Der grosse pluspunkt dieses buches ist für mich, dass MG melrose in den vordergrund stellt. Jury hätte auch gar nicht aufzutreten brauchen - es hätte mich nicht gestört. Die lösung ist ein bisschen sehr konfus und konstruiert, aber noch im akzeptablen bereich. Die beschreibung über den tod der kinder fand ich jetzt nicht ganz so furchtbar - für mich jedenfalls kein grund, MG nicht mehr zu lesen. Grund ist für mich MG nicht mehr zu kaufen. WÄRE im grunde der offensichtliche qualitätsverlust - allerdings muss ich zugeben: ich lese ihre bücher um plant/jury noch immer, weil ich die charaktere einfach liebenswert finde ...
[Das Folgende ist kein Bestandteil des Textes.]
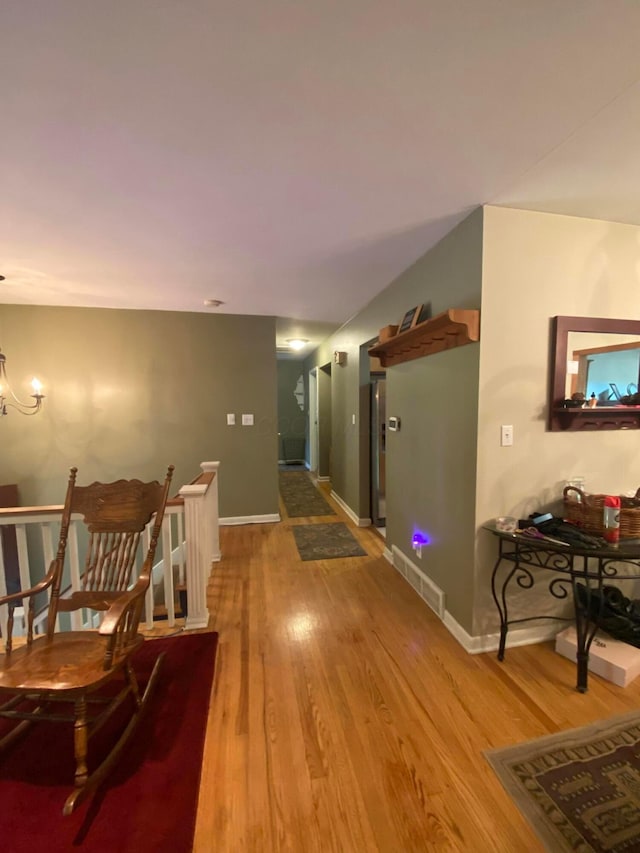 192 Bridle Path Ln, Granville, OH 43023 - hall featuring wood finished floors, a chandelier, and baseboards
bvc2002 zu »Martha Grimes: Die Treppe zum Meer« 06.11.2006
Mir geht's genauso wie Jenny: Seit ich die Passage ueber den Tod der beiden Kinder gelesen habe, nehme ich keinen Jury Roman mehr in die Hand. Bis dahin war ich aber grosser Jury-Fan und habe jedes neue Buch sofort verschlungen.

Als ich neulich mal wieder eins der ersten Krimis las, merkte ich, wie viel ich doch vergessen hatte. Ploetzlich ging's mir fast wie einem Neueinsteiger, der keine Ahnung von all den handelnden Personen und deren Vorgeschichte hat. Eigentlich muesste der Klappentext darauf hinweisen, dass die Buecher in der Reihenfolge des Erscheinens gelesen werden muessen.
Andrea Borchert zu »Martha Grimes: Die Treppe zum Meer« 28.05.2006
Endlich wird auch über Melrose näheres geschrieben. Ich finde ihn und seine Clique in Long Piddelton äußert amüsant. Ohne sie wäre Inspektor Jury etwas fade.